ACTION ITEM
Return the run of lines below that opens with the line containing "Severin Pulizia HV" and closes with the line containing "Mabarai-san wa Boku", keeping each one exact.

RECORDS FOR THE TASK
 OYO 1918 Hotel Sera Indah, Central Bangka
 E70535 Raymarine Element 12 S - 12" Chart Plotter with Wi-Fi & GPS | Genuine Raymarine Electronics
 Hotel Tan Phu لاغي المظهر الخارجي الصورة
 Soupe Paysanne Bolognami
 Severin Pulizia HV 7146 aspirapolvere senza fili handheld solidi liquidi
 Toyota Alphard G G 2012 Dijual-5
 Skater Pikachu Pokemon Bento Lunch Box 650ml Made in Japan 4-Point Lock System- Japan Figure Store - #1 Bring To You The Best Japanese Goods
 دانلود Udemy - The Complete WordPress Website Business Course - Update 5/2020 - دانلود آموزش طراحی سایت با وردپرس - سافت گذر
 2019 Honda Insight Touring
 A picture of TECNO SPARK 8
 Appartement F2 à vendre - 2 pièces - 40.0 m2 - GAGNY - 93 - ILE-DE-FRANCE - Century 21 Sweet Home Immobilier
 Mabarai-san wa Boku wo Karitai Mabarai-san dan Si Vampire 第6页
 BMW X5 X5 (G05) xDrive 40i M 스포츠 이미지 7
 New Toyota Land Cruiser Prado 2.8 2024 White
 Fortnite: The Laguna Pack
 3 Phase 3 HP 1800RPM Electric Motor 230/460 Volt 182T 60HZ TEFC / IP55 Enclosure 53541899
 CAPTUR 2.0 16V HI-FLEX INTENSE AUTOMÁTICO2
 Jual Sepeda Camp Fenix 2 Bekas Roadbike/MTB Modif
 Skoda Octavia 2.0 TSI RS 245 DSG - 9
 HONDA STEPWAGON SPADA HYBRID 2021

SOLUTION TO THE EXERCISE
 Severin Pulizia HV 7146 aspirapolvere senza fili handheld solidi liquidi
 Toyota Alphard G G 2012 Dijual-5
 Skater Pikachu Pokemon Bento Lunch Box 650ml Made in Japan 4-Point Lock System- Japan Figure Store - #1 Bring To You The Best Japanese Goods
 دانلود Udemy - The Complete WordPress Website Business Course - Update 5/2020 - دانلود آموزش طراحی سایت با وردپرس - سافت گذر
 2019 Honda Insight Touring
 A picture of TECNO SPARK 8
 Appartement F2 à vendre - 2 pièces - 40.0 m2 - GAGNY - 93 - ILE-DE-FRANCE - Century 21 Sweet Home Immobilier
 Mabarai-san wa Boku wo Karitai Mabarai-san dan Si Vampire 第6页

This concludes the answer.